▶ **Activity**: Where the line containing "Новости, 1920, 10.11.2020" appears below, start there and repeat each line exactly to the end. Leave the pictures out.

▶ **Data provided**:

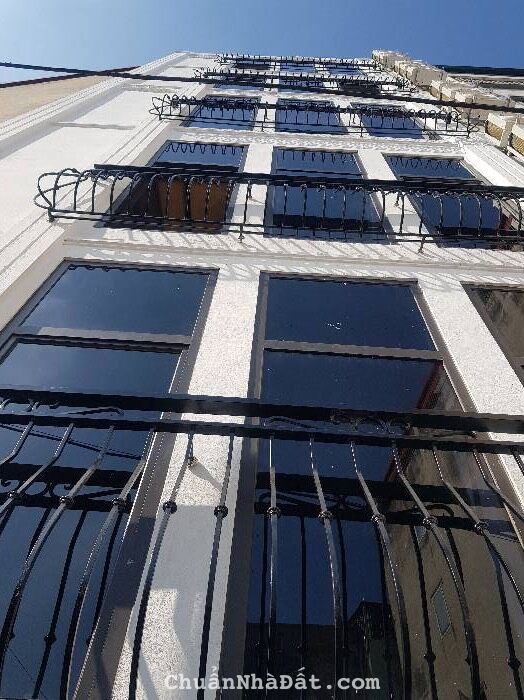 TOÀ CHUNG CƯ MINI CẦU GIẤY 7 TẦNG THANG MÁY MỚI KÍNH KOONG - 18 PHÒNG KHÉP KÍN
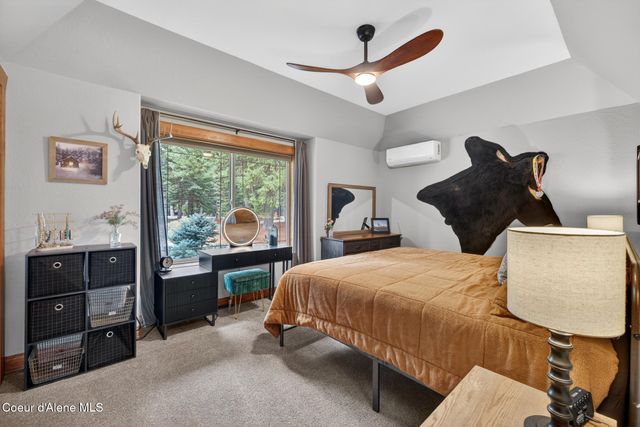 24079 N McKenzie DR, Rathdrum, ID 83858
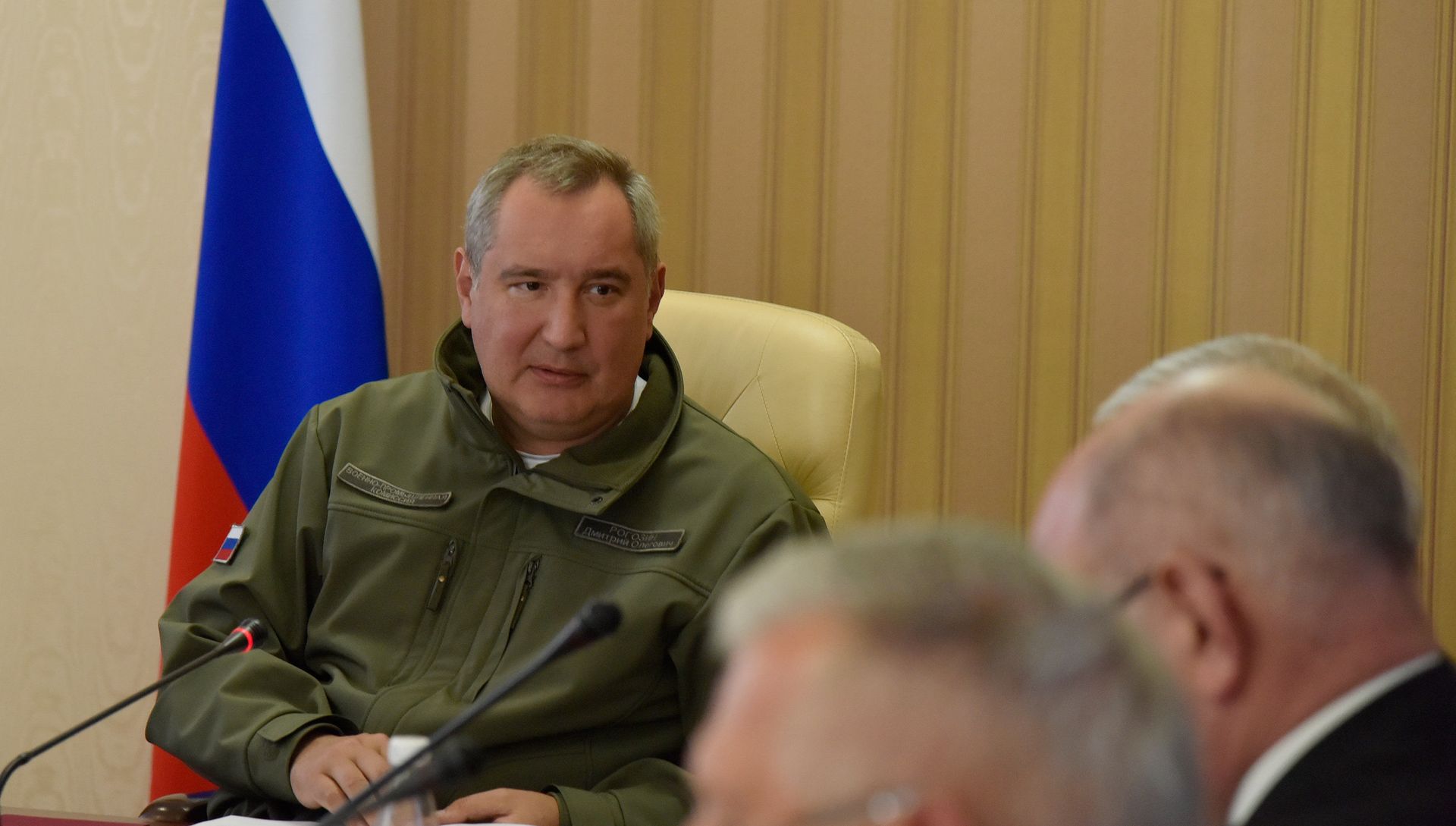 Вице-премьер РФ Дмитрий Рогозин на заседании Государственной пограничной комиссии в Крыму Вице-премьер РФ Дмитрий Рогозин на заседании Государственной пограничной комиссии в Крыму - РИА Новости, 1920, 10.11.2020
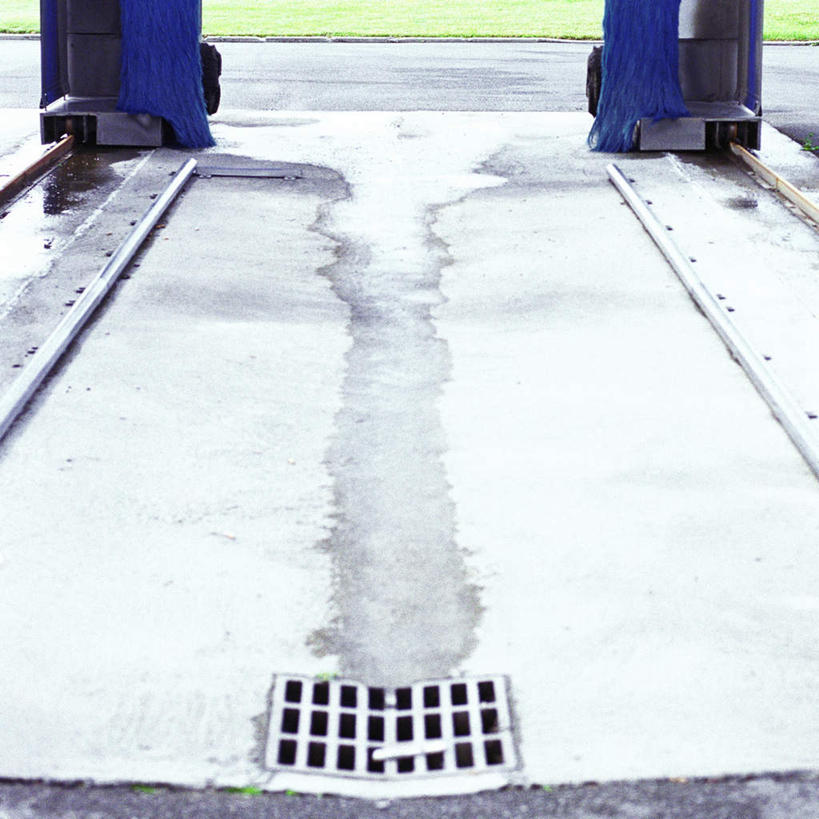 无人,方图,俯视,室外,白天,机器,草地,草坪,水,植物,一排,整齐,下水道,液体,水滴,地面,草,绿色,机械,窨井盖,清洗,彩图,高角度拍摄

▶ **Task response**:
 Вице-премьер РФ Дмитрий Рогозин на заседании Государственной пограничной комиссии в Крыму Вице-премьер РФ Дмитрий Рогозин на заседании Государственной пограничной комиссии в Крыму - РИА Новости, 1920, 10.11.2020
 无人,方图,俯视,室外,白天,机器,草地,草坪,水,植物,一排,整齐,下水道,液体,水滴,地面,草,绿色,机械,窨井盖,清洗,彩图,高角度拍摄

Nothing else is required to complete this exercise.